╭─ Data

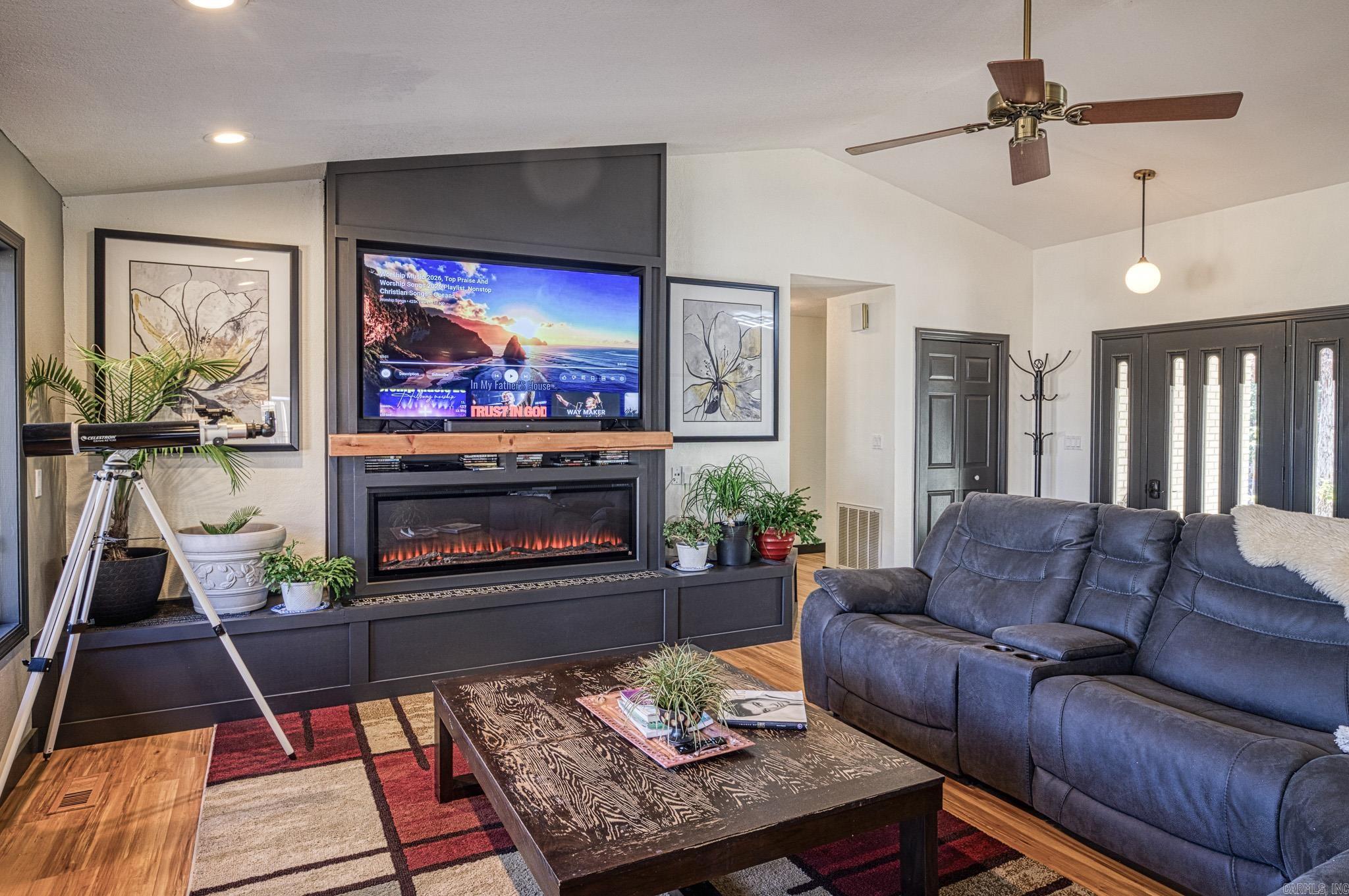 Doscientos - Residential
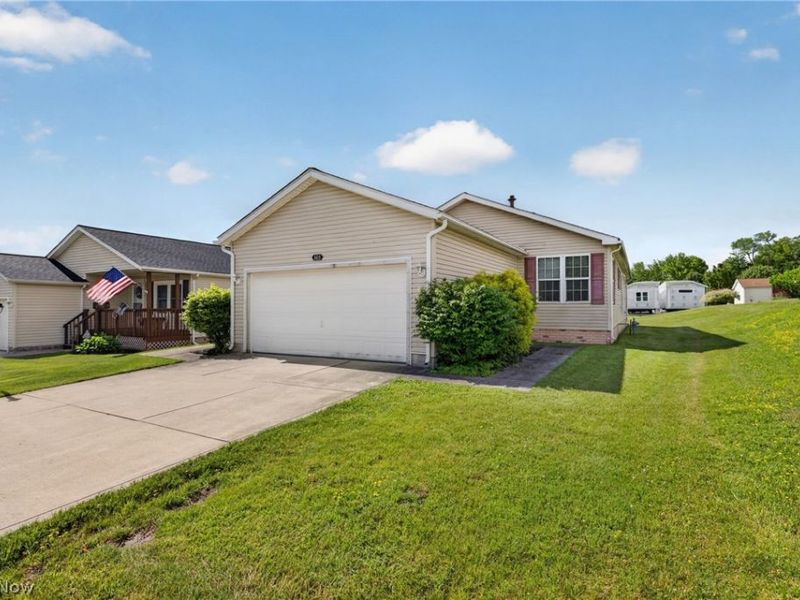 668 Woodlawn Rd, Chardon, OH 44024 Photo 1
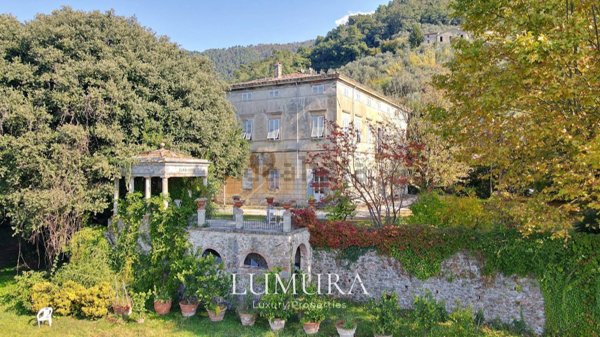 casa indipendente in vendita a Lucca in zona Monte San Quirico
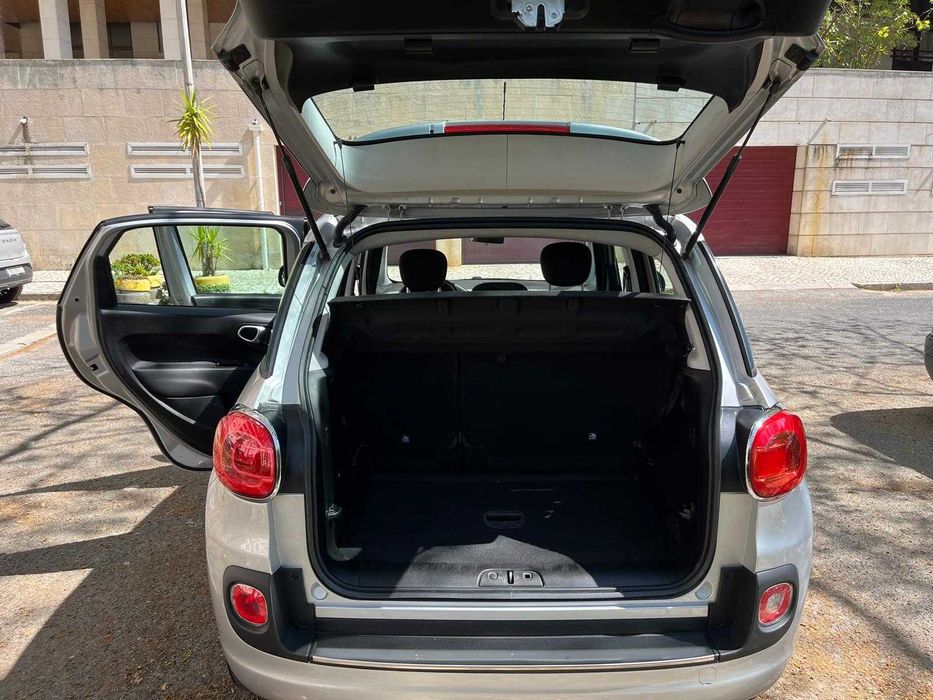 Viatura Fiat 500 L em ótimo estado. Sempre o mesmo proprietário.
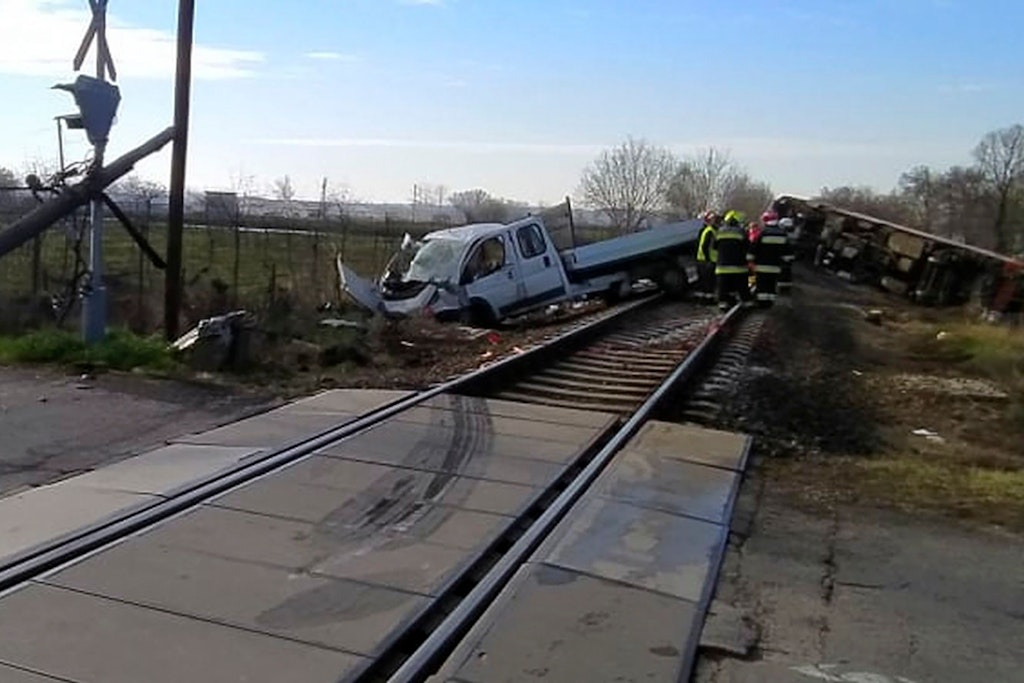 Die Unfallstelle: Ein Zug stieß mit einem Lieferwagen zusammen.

╰─
╭─ Data

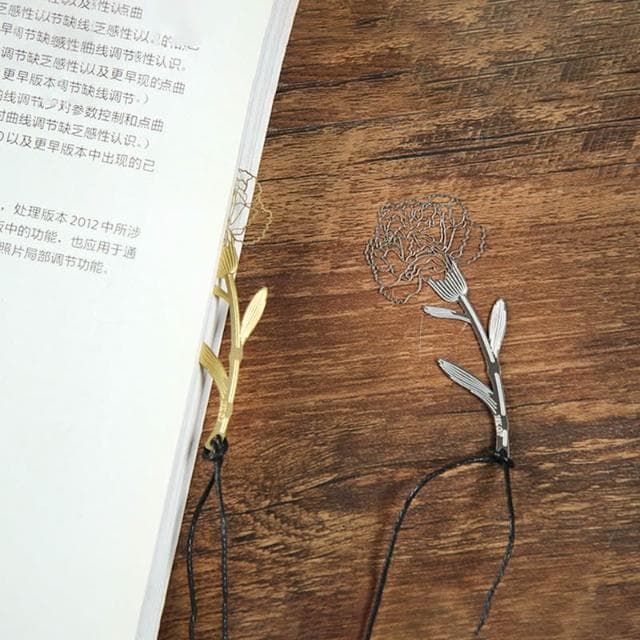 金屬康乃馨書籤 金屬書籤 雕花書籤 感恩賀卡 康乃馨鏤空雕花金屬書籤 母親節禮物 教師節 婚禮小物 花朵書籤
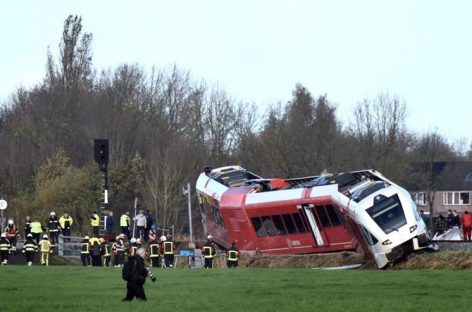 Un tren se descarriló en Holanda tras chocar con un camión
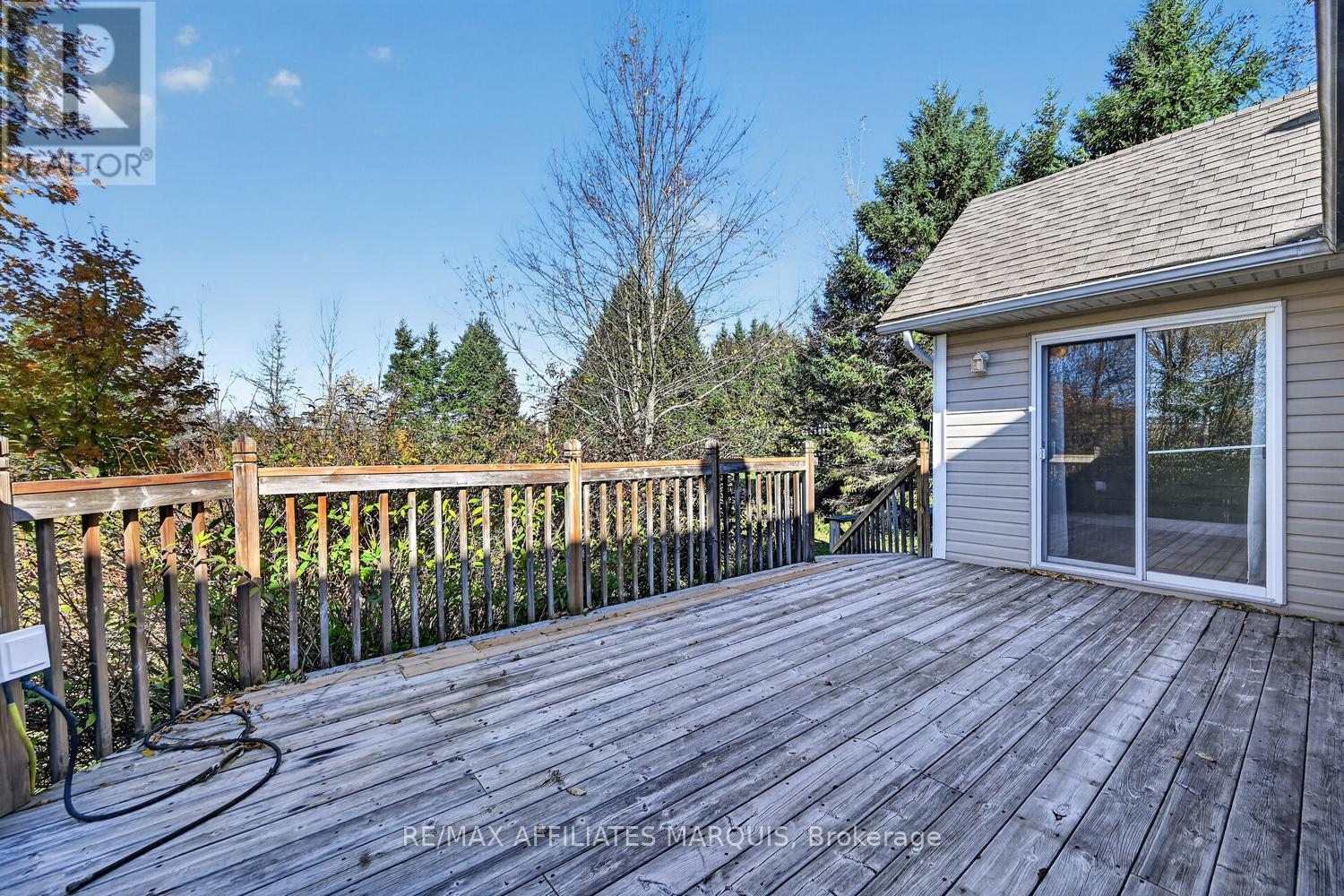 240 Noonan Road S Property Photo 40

╰─

Starting at the line above that holds "Doscientos - Residential", repeat every line exactly down to and including the line that holds "Die Unfallstelle: Ein", then stop. Do not carry over any pictures.

 Doscientos - Residential
 668 Woodlawn Rd, Chardon, OH 44024 Photo 1
 casa indipendente in vendita a Lucca in zona Monte San Quirico
 Viatura Fiat 500 L em ótimo estado. Sempre o mesmo proprietário.
 Die Unfallstelle: Ein Zug stieß mit einem Lieferwagen zusammen.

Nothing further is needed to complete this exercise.